You can extend high-availability further by adding PostgreSQL members to the instance, for greater in-region redundancy, or by provisioning read-only replicas for cross-regional failover or read offloading.

Databases for PostgreSQL is designed and built to provide a robust, resilient, and performant Database as a Service offering. Review the PostgreSQL documentation on replication techniques to understand the constraints and tradeoffs that are associated with the asynchronous replication strategy that is deployed by default with Databases for PostgreSQL.

In scenarios where a database becomes critically unhealthy, such as a server crash on the leader, Databases for PostgreSQL attempts a failover. This auto failover capability is capped at 16 MB of data lag from leader to follower (a few rows of data once accounting for more PostgreSQL data overhead) and is not performed if the lag threshold is exceeded. If the potential for 16 MB of data loss is intolerable for the application, horizontally scale your Databases for PostgreSQL instance to three members and configure Databases for PostgreSQL to use a synchronous replication strategy on a per user or per database basis.

Synchronous replication

By default, streaming replication is asynchronous. If the primary server crashes, some transactions that were committed might not have been replicated to the standby server, causing data loss. Cloud Databases ensures that data loss is kept to a minimum substantial data loss; however, synchronous replication offers the ability to confirm that all changes were made by a transaction have been transferred to a synchronous member, ensuring consistency across a cluster. This consistency come from confirming that writes are written to a secondary before returning to the connecting client with a success. For variables regarding synchronous replication, see synchronous_commit on the Changing Configuration page.

Synchronous replication brings replica availability into the primary write path. If there is no replica to acknowledge the write, the write hangs until a replica is available. This requires at least three members to function reliably, as synchronous replication is not supported on two-member deployments. You must horizontally scale to at least three members before synchronous replication can be enabled.

While unlikely, it is possible that more than one replica might become unavailable simultaneously. If this happens, the primary database will not be able to complete any writes until a replica comes back online, effectively blocking all write traffic to your database. When you are deciding to use synchronous replication, weigh the relative costs and benefits of higher data durability versus potential availability issues.

Employing synchronous replication negatively impacts the performance of the database. Typically, a performant and effective way to employ this feature is by using it only on specific databases or users that must have the highest degree of data durability available.

Application-level high-availability

Applications that communicate over networks and cloud services are subject to transient connection failures. You want to design your applications to retry connections when errors are caused by a temporary loss in connectivity to your deployment or to IBM Cloud.

Because Databases for PostgreSQL is a managed service, regular updates and database maintenance occurs as part of normal operations.

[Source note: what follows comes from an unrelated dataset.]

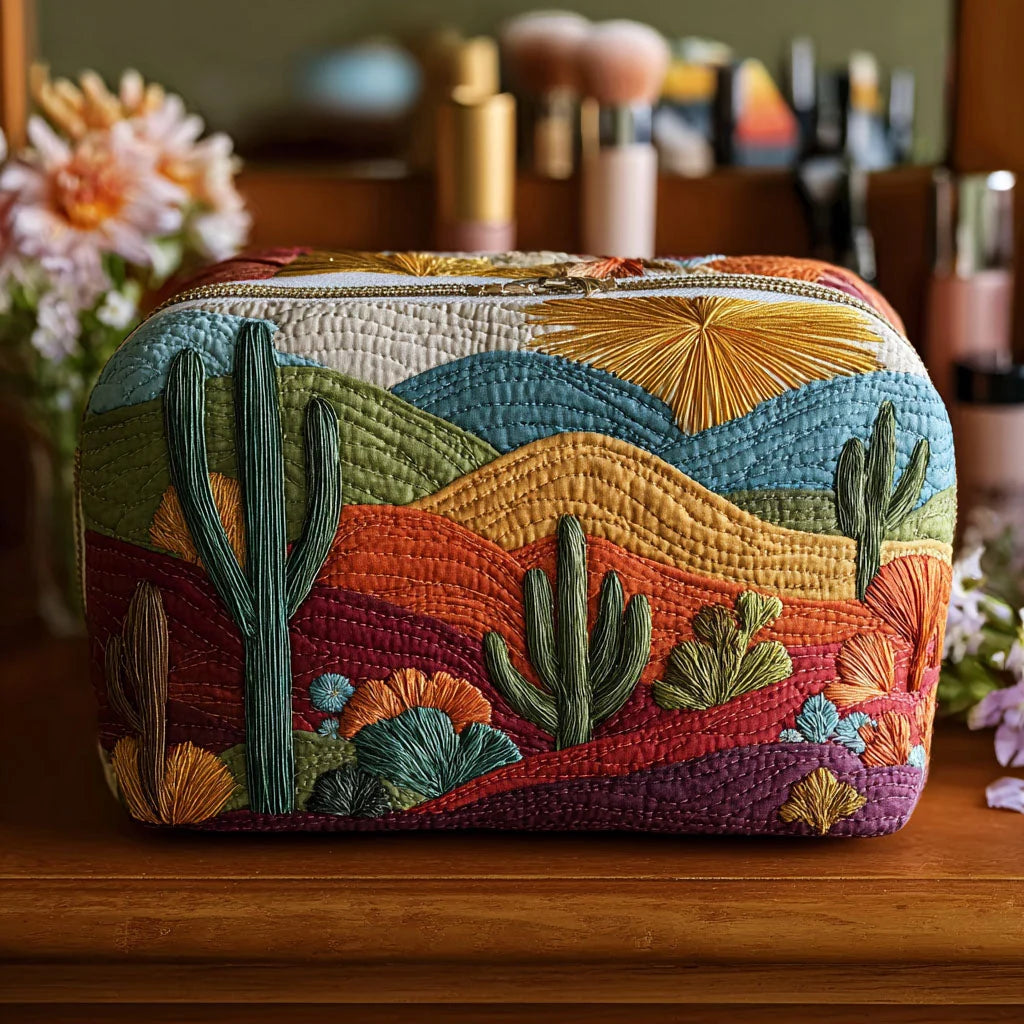 Quilted Desert Landscape Makeup Bag, Cactus Sunset Cosmetic Bag, Southwestern Travel Toiletry Pouch, Boho Zipper Organizer Gift for Women – QMBPETAL60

This can occasionally cause short intervals where your database is unavailable. It can also cause the database to trigger a graceful fail-over, retry, and reconnect. It takes a short time for the database to determine which member is a replica and which is the leader, so you might also see a short connection interruption. Failovers generally take less than 30 seconds.

Your applications have to be designed to handle temporary interruptions to the database, implement error handling for failed database commands, and implement retry logic to recover from a temporary interruption.

Several minutes of database unavailability or connection interruption are not expected. Open a support case with details if you have time periods longer than a minute with no connectivity so we can investigate.

Connection limits

Databases for PostgreSQL sets the maximum number of connections to your PostgreSQL database to 115. 15 connections are reserved for the superuser to maintain the state and integrity of your database, and 100 connections are available for you and your applications. After the connection limit is reached, any attempts at starting a new connection results in an error. To prevent overwhelming your deployment with connections, use connection pooling, or scale your deployment and increase its connection limit. For more information, see the Managing PostgreSQL connections page.

High availability, disaster recovery, and SLA resources

Databases for PostgreSQL deployments conform to the IBM Cloud Databases High availability, Disaster recovery, and Service Level Agreement (SLA) information and terms.